Oculus backtracks on open software promise

MonkeyCee

Re: Come on guys

I understand that over-promising is a thing, but if that over promise is tied into getting someone to do a thing now in expectation of a thing in the future, then it's lying and manipulation. Or sales :)

If I say I'll paint your house for a tenner, and you agree (and turn down other offers to do it), then I turn up and say "oh, I meant a grand" would you shrug and say "oh well" and give me the cash? Would you fuck. Cost is a major factor for most decisions, and doubling it indicates that the initial price was waaay off. If you want to avoid damaging the brand, being upfront that you've fucked the numbers and things are going to be more pricey (but quality will be good) might have been a better tactic.

Manufacturing is tricky as you say, even experienced groups can make huge errors in planning and operating that lead to large (and possibly prohibitive) costs. That goes doubly for new products, and small (sub 100k for widgets, sub 10 for big things) production runs. So if you're going to promise a product (a la Kickstarter) then you should have a plan for cost over-runs, delays, and other people being full of "idealistic views*" that result in them promising things they can't deliver.

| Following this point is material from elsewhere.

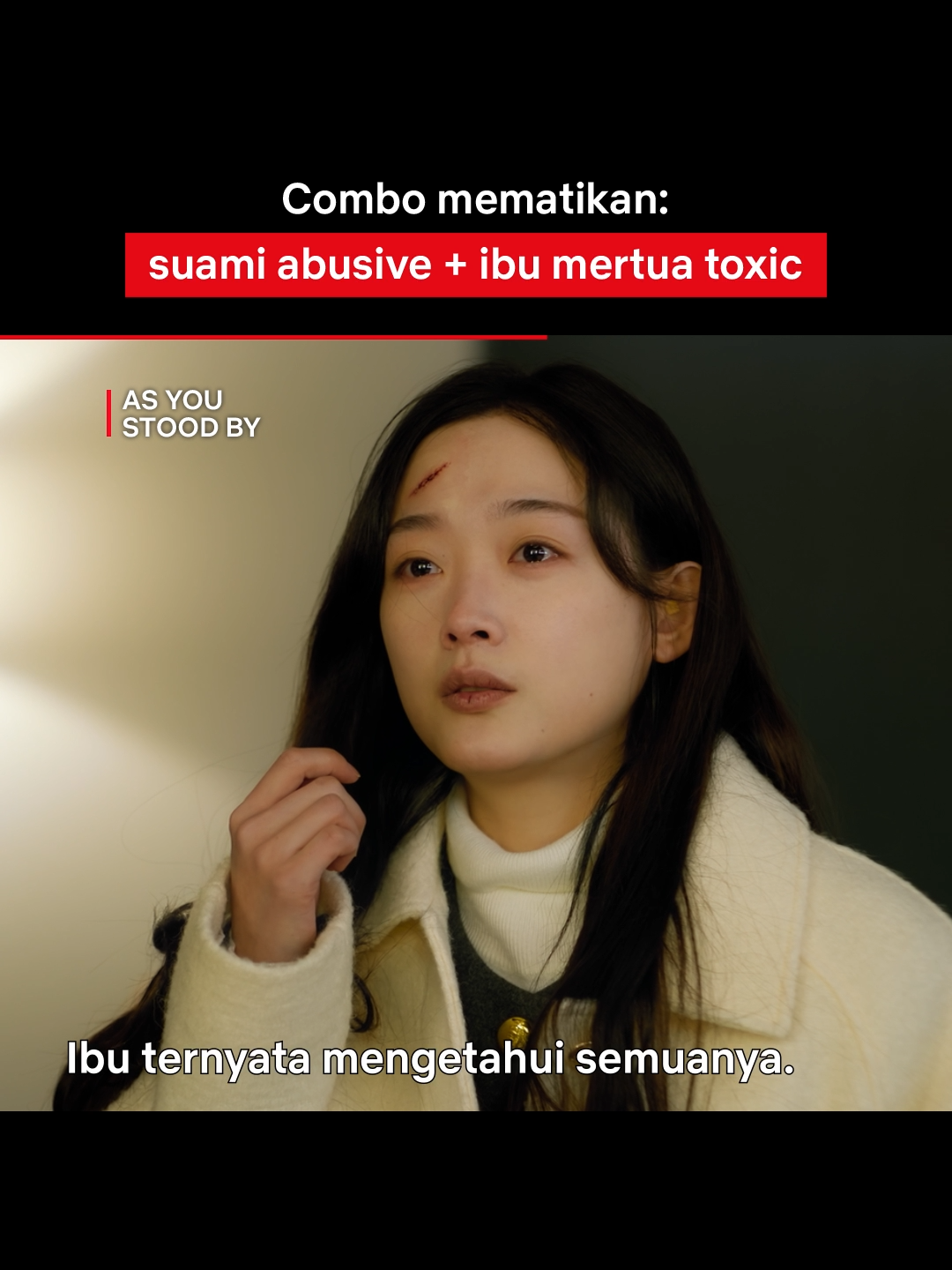 Nonton drakor ini pengen banget peluk #LeeYoumi 😣 #NetflixIndonesia #AsYouStoodBy #RekomendasiDrakor #KDrama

Crowdfunding (and unicorns) seem to have this as a common issue. Someone thinks idea X will be awesome, despite X being somewhere between difficult and impossible. Person then assumes that X can be done right first time both in design and production, and doesn't bother to build a prototype. After getting funding for X, it turns out to be waaaay harder than planned, so company folds, after taking the cash.

* There's a cultural factor too, some places will simply not say "no" or "that's not possible" even when you are clearly asking for the moon on a stick, yesterday, whilst being showered in unicorn piss.